As the sequence $\{ K_\zeta :\zeta<\omega_1\}$ of closed sets cannot be
strictly decreasing, (d) implies that there exists an $\eta<\omega_1$
such that $K_\eta=\emptyset$; i.e., that \[
L_f(\alpha)=\Cup_{\zeta<\eta}F_\zeta. \] But, (c) implies that each
$F_\zeta\in\Fs$, which immediately yields $L_f(\alpha)\in\Fs$.
 
Next, suppose that $A\in\ambig$, $f(x)=\charf{A}(x)$ and $P$ is
a perfect set.   By supposition, both $A$ and $\comp{A}$ are \Gd\/
sets, so the Baire category theorem shows they both cannot be dense in
$P$. Therefore, there must exist a portion $Q\subset P$ such that
either $Q\subset A$ or $Q\subset \comp{A}$.  In either case, $f|Q$ is
constant and therefore continuous.  This shows that $f\in\bstar$ with
$A=L_f(1)$.
 
 
\begin{lemma}\lab{lem:openclosed} Let $A$ be a density closed set from
$\Fs\cap\Gd$ such that $A$ does not contain any infinite interval.
Then there is a bounded open set $G$ in \reals\/ such that $A\cap G$
is a nonempty compact set. \end{lemma}
 
Proof.
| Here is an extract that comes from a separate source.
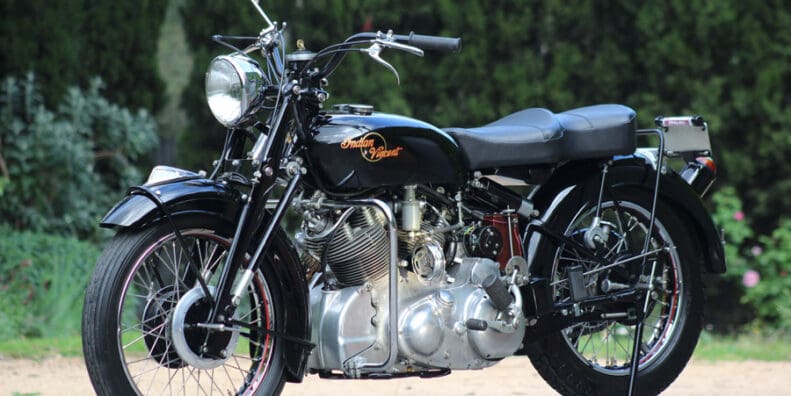 1949 Indian-Vincent Factory Prototype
First, suppose that $A$ contains no open intervals.  Assume the
lemma is not true in this case.  We claim that with this supposition,
both $A$ and \comp{A} are dense \Gd\/ subsets of \cl{A}.  This claim
is clear for $A$.  To prove it for \comp{A}, let $I$ be any open
interval such that $I\cap A\ne\emptyset$. Since $A$ contains no open
intervals, there must exist a closed interval $[c,d]\subset I$ such
that $[c,d]\cap A=(c,d)\cap A$ is nonempty and not closed.  It follows
easily from this that  \[ I\cap\cl{A}\setminus A\supset
[c,d]\cap\cl{A}\setminus A\ne\emptyset, \] which implies the claim.
But, this obviously contradicts the Baire category theorem.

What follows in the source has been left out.